_Problem details_. Please give back, word for word, only the lines starting at the one containing "Finding Bigfoot" and ending at the one containing "日本绿叶初霜绿体初霜多肉v一物一拍仙女杯老桩群生多头多肉植物" within the material below.

_Material to process_.
+++

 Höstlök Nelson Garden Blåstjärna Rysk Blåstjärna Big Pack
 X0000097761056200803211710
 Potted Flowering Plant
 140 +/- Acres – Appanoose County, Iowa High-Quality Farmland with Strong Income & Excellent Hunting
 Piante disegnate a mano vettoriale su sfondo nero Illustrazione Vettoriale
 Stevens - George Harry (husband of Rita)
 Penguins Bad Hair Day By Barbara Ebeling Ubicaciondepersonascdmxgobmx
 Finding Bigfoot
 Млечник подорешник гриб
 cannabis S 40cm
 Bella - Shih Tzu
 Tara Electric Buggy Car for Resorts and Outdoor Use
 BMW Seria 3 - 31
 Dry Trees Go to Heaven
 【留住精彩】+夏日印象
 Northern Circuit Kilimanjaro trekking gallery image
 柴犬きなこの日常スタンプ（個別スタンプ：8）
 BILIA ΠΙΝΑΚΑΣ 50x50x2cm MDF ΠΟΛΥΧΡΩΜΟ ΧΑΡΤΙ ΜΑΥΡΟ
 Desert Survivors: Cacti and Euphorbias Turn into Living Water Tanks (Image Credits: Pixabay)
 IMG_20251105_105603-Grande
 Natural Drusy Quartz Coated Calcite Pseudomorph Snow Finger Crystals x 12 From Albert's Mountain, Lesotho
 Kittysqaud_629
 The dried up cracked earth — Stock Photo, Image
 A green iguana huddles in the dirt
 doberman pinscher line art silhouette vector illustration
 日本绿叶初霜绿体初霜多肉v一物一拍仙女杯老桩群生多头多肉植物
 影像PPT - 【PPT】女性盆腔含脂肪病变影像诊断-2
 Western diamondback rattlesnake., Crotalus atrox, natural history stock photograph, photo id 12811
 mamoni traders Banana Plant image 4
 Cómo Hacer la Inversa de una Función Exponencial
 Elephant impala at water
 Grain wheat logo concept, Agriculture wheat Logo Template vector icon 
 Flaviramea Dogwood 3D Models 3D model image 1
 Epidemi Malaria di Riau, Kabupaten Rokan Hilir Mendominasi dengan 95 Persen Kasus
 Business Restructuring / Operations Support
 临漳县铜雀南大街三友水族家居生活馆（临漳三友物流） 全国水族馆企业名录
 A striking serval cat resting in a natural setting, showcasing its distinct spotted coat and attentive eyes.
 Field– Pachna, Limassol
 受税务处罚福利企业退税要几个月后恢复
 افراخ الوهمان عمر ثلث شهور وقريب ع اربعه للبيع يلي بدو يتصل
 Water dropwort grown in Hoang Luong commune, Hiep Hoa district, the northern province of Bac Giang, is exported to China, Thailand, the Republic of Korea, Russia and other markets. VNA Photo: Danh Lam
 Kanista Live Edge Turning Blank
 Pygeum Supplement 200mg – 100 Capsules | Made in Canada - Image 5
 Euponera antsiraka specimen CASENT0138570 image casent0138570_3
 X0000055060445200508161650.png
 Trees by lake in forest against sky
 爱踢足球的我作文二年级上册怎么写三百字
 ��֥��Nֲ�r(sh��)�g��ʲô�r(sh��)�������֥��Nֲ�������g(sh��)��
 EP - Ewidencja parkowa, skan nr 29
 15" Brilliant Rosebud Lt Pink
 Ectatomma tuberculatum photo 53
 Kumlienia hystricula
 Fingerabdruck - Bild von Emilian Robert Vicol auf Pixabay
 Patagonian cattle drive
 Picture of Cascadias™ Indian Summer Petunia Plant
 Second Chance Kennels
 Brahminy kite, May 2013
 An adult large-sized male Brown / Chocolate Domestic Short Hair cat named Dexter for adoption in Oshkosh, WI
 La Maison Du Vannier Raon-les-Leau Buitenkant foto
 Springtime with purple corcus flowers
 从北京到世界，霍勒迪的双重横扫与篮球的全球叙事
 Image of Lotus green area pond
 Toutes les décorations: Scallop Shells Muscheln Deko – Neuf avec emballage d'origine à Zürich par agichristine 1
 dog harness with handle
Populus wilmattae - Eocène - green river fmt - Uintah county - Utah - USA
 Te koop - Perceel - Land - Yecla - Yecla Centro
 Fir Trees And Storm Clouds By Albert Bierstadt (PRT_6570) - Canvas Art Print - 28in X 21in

+++

_Result_.
 Finding Bigfoot
 Млечник подорешник гриб
 cannabis S 40cm
 Bella - Shih Tzu
 Tara Electric Buggy Car for Resorts and Outdoor Use
 BMW Seria 3 - 31
 Dry Trees Go to Heaven
 【留住精彩】+夏日印象
 Northern Circuit Kilimanjaro trekking gallery image
 柴犬きなこの日常スタンプ（個別スタンプ：8）
 BILIA ΠΙΝΑΚΑΣ 50x50x2cm MDF ΠΟΛΥΧΡΩΜΟ ΧΑΡΤΙ ΜΑΥΡΟ
 Desert Survivors: Cacti and Euphorbias Turn into Living Water Tanks (Image Credits: Pixabay)
 IMG_20251105_105603-Grande
 Natural Drusy Quartz Coated Calcite Pseudomorph Snow Finger Crystals x 12 From Albert's Mountain, Lesotho
 Kittysqaud_629
 The dried up cracked earth — Stock Photo, Image
 A green iguana huddles in the dirt
 doberman pinscher line art silhouette vector illustration
 日本绿叶初霜绿体初霜多肉v一物一拍仙女杯老桩群生多头多肉植物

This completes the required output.